The subject before us, however, has been involved in considerable obscurity, owing to the precise term employed by Jehovah, as expressive of his displeasure, not having been carefully observed. What he threatens is 66 visitation." This is not to be confounded with the term death ; much less is it to be confined to this, though it often involves it. In His visitation of parental delinquency, he draws

upon
an armory

which is all his own; or, to change the figure, there is with him a graduated scale of punishment, framed with minute and awful correspondence to the sin of the offending parent. Hence it is that disobedience, or even neglect of duty, is another day visited and displayed, not by the decease only, but by the ignorance or immorality, the extravagance or parsimony, the dispositions or habits of his offspring; and as it so happens that parents in general feel most acutely the manifestation of their own failings in the persons of their children, and as they find living trials to be the most severe, this unalterable determination of Heaven proves, in its infallible result, to be a visitation indeed !

The visitation threatened, therefore, though involving tokens of divine displeasure, is to be understood in its commencement at least, not so much with reference to the state after death, as the life which precedes it. At

the head of a family, interested in all the enjoyments and advantages of the present scene, the parent is warned lest he draw down the displeasure of God, and entail a heavy load on those who are most dear to him. But still, if it is true, that, just as the twig is bent the tree is inclined, and that as men live, so in general they die, as powerful instrumental causes, parents are here forewarned, that if they lead not their posterity so far on towards the heavenly Canaan, they may sink them lower than the grave. In short, the heart of a family may be said to reside in the breast of the parent; and to this, therefore, the arrow of divine jealousy is pointed. The responsibility of parents may thus, no doubt, appear to be fearfully great; but still it is, as it seems : and if the nature of the human mind forbids it to be more, the peculiar genius of the domestic constitution forbids it to be less.
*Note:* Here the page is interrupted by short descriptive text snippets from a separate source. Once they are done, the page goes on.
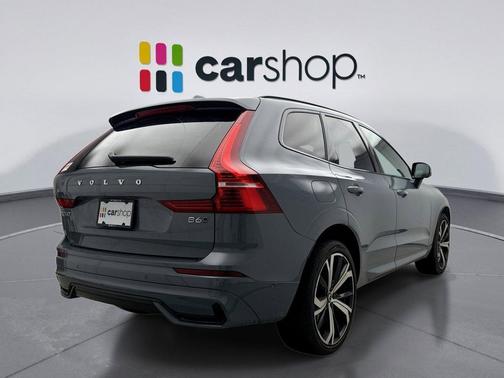 2023 Volvo XC60 B6 Ultimate Dark Theme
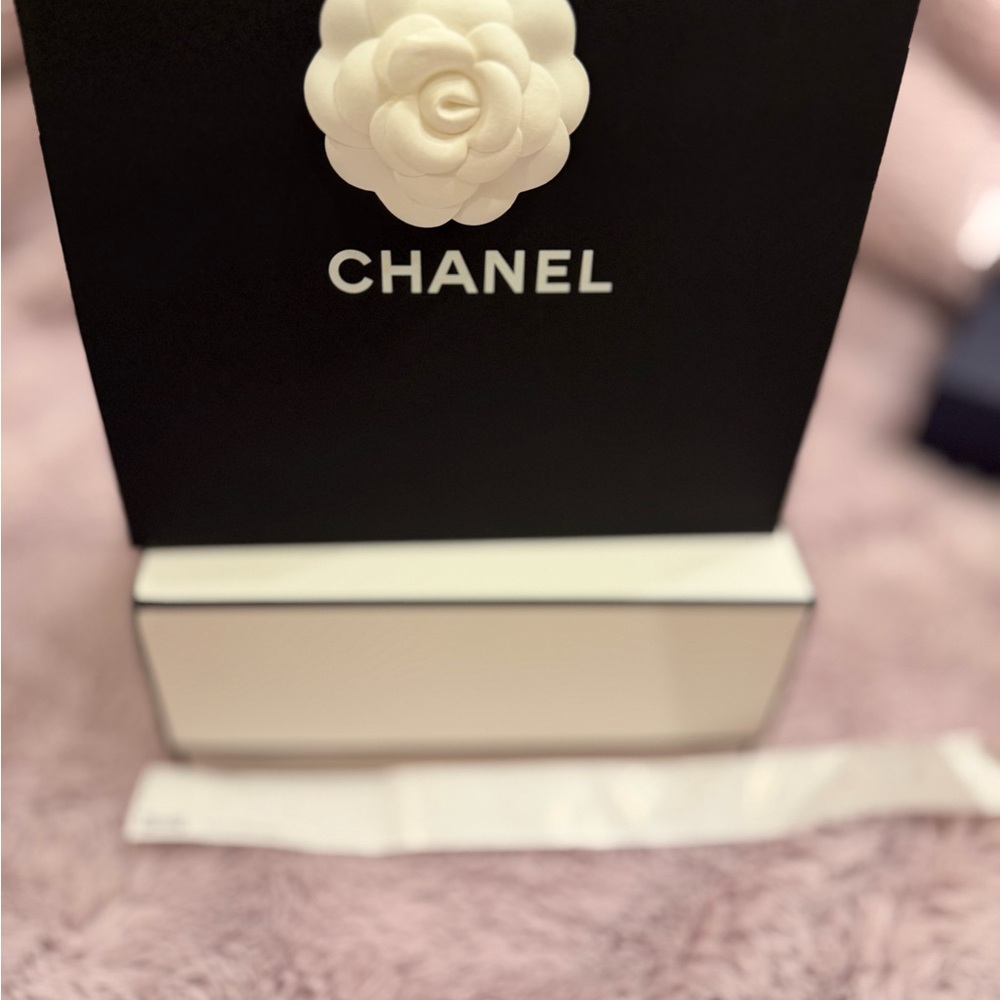 CHANEL White and Black Branded Gift Box Set - Picture 5 of 5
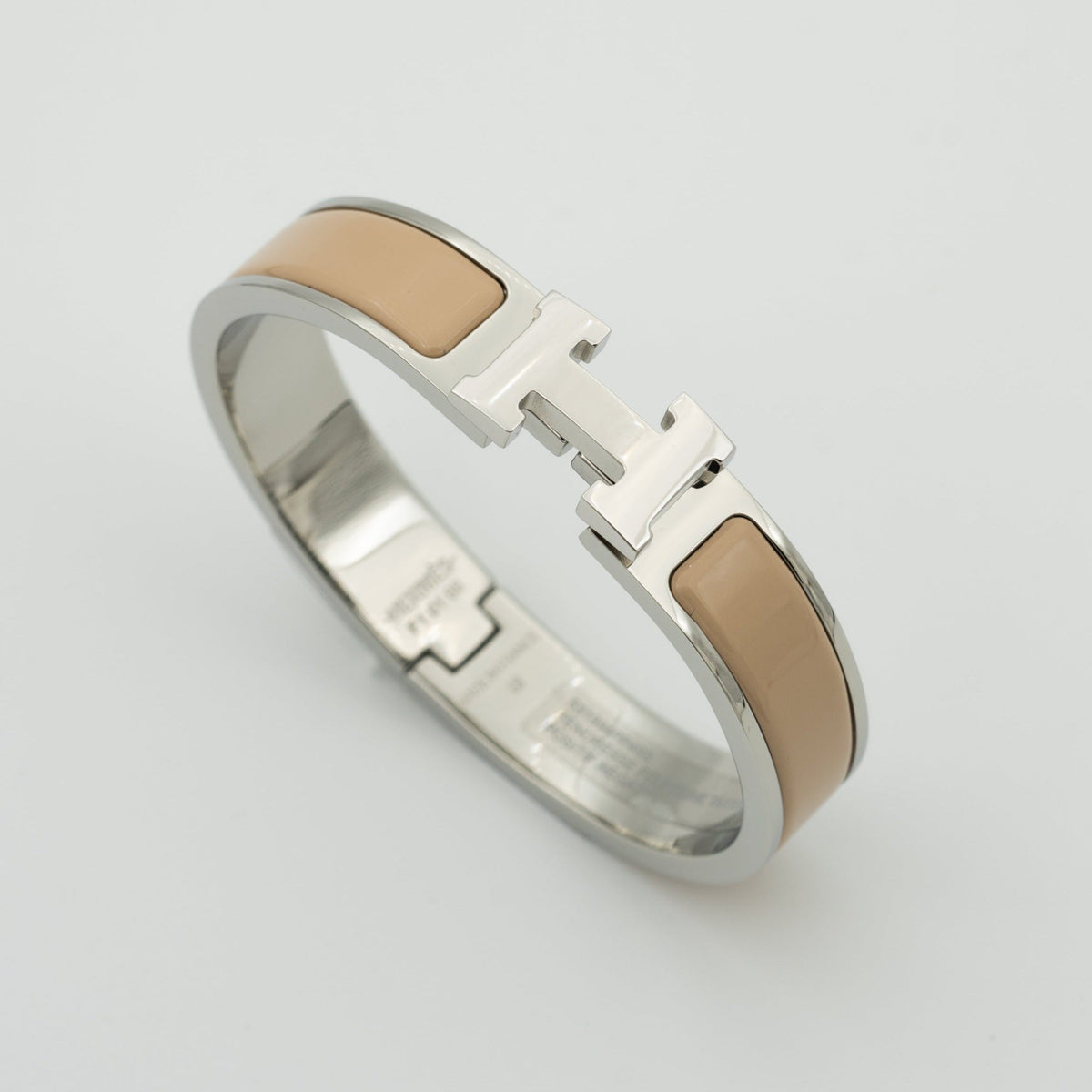 [⭐⭐JeweliWhal]H GREY BRACELET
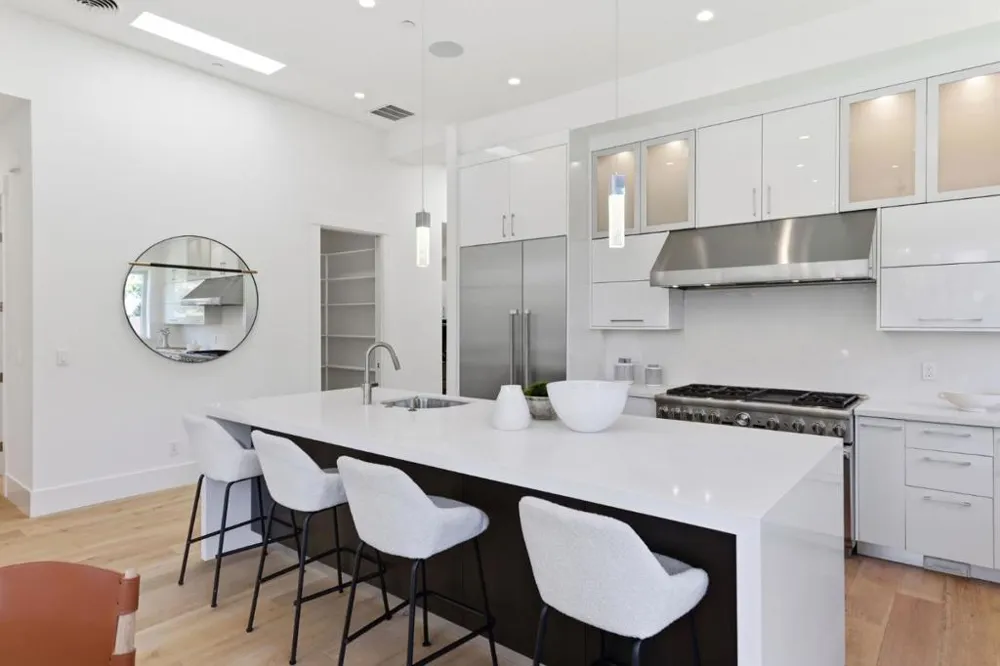 3990 Laguna Avenue Palo Alto, CA 94306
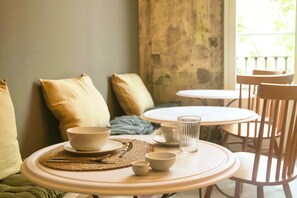 Free daily buffet breakfast - Factory Gardens (Barcelona)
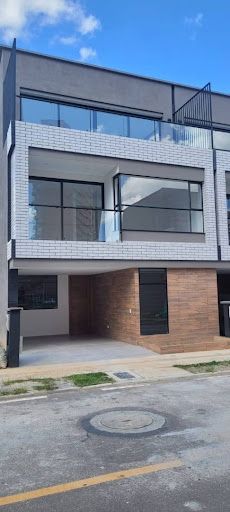 Casa en arriendo Antioquia Rionegro El Porvenir 240 m2 Habitaciones 4 Baños 4 Garajes 1 Precio $6500000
With these observations we are prepared still farther to illustrate the melancholy and solemn, but profitable subject of the curse descending.
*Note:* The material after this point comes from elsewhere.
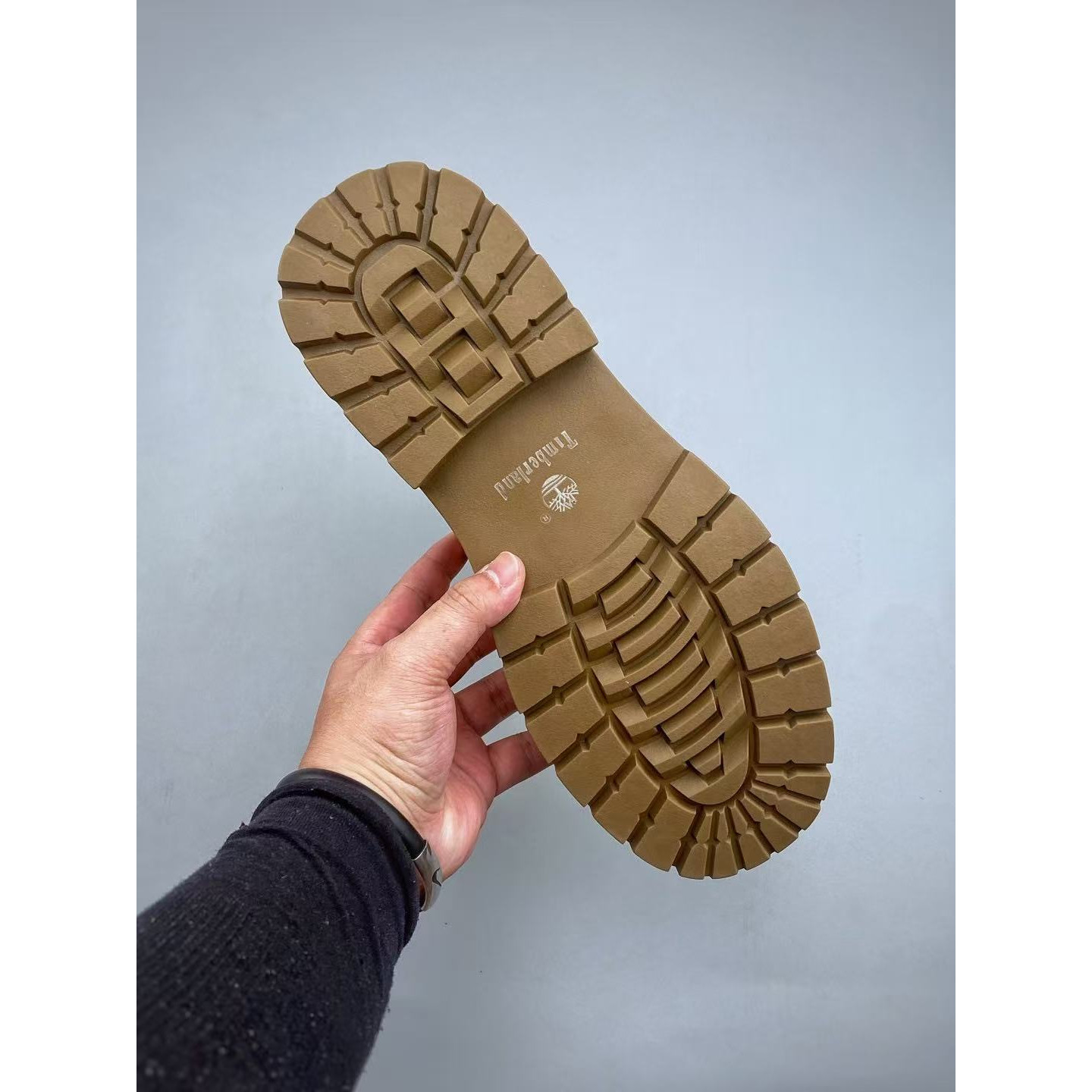 <p>Timberland 经典户外休闲大黄靴系列(黃)</p>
When God inflicts the temporal evil on a son for his father's sin, to the father he acts as a Judge, but to the son as a Lord or Sovereign. With the parent he is angry, and especially punishes him, even in his posterity ; his crime being such an inevitable consequence of disregard to a constitution of things, at the head of which the Almighty placed him, that, without a perpetual miracle, such consequences must ensue. The eye of his jealousy is fixed on the parent, and follows him night and day, and he it is who is made responsible for all that occurs under his administration. To the son the Almighty acts as a Lord. He will to him do right, and before long, or in the end, mysteriously show, how, though the visitation should fall upon even the third or fourth generation, it has been all along a punishment chiefly, and in many cases solely, to the original offender.

This may seem at first strange, but it is not less true, and it is capable of the most satisfactory explanation. In many instances, perhaps in the great majority, the awful mode of procedure here threatened is to the child ultimately a blessing; to the parents only an immediate curse; and to them only, or chiefly, an evidence of the divine displeasure against sin. With children who die in infancy this may be the case.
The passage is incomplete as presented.